Return only what lies between the first line of the entries and the line containing "Building Photo - 2007 10th St", both lines included.

[Start of Attachment]

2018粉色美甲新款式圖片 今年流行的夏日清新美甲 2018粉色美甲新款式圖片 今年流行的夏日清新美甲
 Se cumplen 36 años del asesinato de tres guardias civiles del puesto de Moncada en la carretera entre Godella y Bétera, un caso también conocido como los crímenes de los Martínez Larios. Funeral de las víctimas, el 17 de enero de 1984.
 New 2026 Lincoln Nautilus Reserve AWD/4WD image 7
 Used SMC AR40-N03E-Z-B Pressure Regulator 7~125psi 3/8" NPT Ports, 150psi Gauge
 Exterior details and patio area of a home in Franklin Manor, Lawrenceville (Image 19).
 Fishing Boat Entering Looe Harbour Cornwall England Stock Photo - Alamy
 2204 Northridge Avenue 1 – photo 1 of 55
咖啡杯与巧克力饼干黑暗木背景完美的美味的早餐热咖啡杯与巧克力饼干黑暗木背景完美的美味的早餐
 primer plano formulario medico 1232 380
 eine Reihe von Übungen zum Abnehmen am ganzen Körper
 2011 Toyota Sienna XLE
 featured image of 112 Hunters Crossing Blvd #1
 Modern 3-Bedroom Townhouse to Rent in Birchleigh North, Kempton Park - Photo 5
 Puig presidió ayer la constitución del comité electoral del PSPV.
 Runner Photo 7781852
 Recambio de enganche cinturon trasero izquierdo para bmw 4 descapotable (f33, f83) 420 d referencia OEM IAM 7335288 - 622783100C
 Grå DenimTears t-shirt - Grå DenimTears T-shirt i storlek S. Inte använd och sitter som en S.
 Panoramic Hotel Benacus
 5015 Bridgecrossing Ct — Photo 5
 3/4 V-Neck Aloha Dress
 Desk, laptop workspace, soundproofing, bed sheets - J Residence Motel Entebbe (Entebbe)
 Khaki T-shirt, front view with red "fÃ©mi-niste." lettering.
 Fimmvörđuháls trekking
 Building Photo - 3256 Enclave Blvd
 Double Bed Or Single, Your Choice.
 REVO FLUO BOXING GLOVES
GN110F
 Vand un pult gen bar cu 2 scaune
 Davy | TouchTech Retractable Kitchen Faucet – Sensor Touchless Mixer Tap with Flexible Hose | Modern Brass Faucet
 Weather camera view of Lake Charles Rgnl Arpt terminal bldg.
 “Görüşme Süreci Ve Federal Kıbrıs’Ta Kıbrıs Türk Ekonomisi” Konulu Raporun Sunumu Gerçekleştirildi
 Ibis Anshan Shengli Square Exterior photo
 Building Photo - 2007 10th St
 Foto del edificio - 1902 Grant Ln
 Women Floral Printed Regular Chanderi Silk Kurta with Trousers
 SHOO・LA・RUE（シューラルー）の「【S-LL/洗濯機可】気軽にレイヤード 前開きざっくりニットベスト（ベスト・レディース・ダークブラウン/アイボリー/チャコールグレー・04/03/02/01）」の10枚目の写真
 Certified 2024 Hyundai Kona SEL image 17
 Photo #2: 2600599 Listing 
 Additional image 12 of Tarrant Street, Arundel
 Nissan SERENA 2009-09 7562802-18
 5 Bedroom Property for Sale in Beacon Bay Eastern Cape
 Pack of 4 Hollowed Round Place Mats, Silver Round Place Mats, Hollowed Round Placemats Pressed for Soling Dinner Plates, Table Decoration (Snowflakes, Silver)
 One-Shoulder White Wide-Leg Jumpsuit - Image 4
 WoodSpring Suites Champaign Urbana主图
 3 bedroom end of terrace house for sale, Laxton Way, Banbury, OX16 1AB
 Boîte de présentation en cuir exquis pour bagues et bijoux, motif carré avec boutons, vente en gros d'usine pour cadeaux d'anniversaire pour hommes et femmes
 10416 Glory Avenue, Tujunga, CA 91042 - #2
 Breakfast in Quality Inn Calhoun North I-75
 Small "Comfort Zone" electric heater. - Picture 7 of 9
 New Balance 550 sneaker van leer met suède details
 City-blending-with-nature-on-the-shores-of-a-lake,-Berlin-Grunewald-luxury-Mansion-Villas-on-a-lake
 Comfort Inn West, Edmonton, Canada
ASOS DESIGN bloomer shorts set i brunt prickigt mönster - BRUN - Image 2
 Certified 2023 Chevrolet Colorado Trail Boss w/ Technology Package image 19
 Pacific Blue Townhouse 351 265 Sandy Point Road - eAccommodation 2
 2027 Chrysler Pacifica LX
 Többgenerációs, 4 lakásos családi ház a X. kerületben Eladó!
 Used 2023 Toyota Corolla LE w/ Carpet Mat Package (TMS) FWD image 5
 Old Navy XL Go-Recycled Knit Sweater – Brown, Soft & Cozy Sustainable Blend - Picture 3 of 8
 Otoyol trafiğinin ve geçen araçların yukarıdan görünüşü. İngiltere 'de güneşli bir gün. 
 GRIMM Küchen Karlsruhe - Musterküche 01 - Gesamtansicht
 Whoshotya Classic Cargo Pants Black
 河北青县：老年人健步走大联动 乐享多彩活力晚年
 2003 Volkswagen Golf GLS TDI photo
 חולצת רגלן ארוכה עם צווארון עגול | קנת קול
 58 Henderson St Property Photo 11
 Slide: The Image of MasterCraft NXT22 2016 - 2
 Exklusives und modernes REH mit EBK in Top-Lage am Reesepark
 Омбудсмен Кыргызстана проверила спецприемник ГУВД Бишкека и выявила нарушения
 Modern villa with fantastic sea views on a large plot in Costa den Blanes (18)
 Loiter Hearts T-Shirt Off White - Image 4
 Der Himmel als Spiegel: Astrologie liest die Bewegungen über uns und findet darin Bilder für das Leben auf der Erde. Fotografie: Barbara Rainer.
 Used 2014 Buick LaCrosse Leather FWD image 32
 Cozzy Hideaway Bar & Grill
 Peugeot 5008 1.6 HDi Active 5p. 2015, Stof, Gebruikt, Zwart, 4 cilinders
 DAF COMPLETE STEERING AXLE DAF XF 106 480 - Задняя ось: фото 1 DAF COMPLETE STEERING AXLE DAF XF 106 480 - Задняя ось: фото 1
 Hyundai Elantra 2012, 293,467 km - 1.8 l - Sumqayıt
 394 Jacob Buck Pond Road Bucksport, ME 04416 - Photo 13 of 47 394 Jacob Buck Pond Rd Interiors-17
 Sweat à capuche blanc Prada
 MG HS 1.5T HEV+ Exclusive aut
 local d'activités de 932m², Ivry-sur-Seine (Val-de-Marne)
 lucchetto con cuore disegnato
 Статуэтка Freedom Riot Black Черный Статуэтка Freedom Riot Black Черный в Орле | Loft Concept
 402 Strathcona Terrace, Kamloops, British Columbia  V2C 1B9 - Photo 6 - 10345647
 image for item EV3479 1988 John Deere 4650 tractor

[End of Attachment]

■ **PROBLEM SOLUTION**:
2018粉色美甲新款式圖片 今年流行的夏日清新美甲 2018粉色美甲新款式圖片 今年流行的夏日清新美甲
 Se cumplen 36 años del asesinato de tres guardias civiles del puesto de Moncada en la carretera entre Godella y Bétera, un caso también conocido como los crímenes de los Martínez Larios. Funeral de las víctimas, el 17 de enero de 1984.
 New 2026 Lincoln Nautilus Reserve AWD/4WD image 7
 Used SMC AR40-N03E-Z-B Pressure Regulator 7~125psi 3/8" NPT Ports, 150psi Gauge
 Exterior details and patio area of a home in Franklin Manor, Lawrenceville (Image 19).
 Fishing Boat Entering Looe Harbour Cornwall England Stock Photo - Alamy
 2204 Northridge Avenue 1 – photo 1 of 55
咖啡杯与巧克力饼干黑暗木背景完美的美味的早餐热咖啡杯与巧克力饼干黑暗木背景完美的美味的早餐
 primer plano formulario medico 1232 380
 eine Reihe von Übungen zum Abnehmen am ganzen Körper
 2011 Toyota Sienna XLE
 featured image of 112 Hunters Crossing Blvd #1
 Modern 3-Bedroom Townhouse to Rent in Birchleigh North, Kempton Park - Photo 5
 Puig presidió ayer la constitución del comité electoral del PSPV.
 Runner Photo 7781852
 Recambio de enganche cinturon trasero izquierdo para bmw 4 descapotable (f33, f83) 420 d referencia OEM IAM 7335288 - 622783100C
 Grå DenimTears t-shirt - Grå DenimTears T-shirt i storlek S. Inte använd och sitter som en S.
 Panoramic Hotel Benacus
 5015 Bridgecrossing Ct — Photo 5
 3/4 V-Neck Aloha Dress
 Desk, laptop workspace, soundproofing, bed sheets - J Residence Motel Entebbe (Entebbe)
 Khaki T-shirt, front view with red "fÃ©mi-niste." lettering.
 Fimmvörđuháls trekking
 Building Photo - 3256 Enclave Blvd
 Double Bed Or Single, Your Choice.
 REVO FLUO BOXING GLOVES
GN110F
 Vand un pult gen bar cu 2 scaune
 Davy | TouchTech Retractable Kitchen Faucet – Sensor Touchless Mixer Tap with Flexible Hose | Modern Brass Faucet
 Weather camera view of Lake Charles Rgnl Arpt terminal bldg.
 “Görüşme Süreci Ve Federal Kıbrıs’Ta Kıbrıs Türk Ekonomisi” Konulu Raporun Sunumu Gerçekleştirildi
 Ibis Anshan Shengli Square Exterior photo
 Building Photo - 2007 10th St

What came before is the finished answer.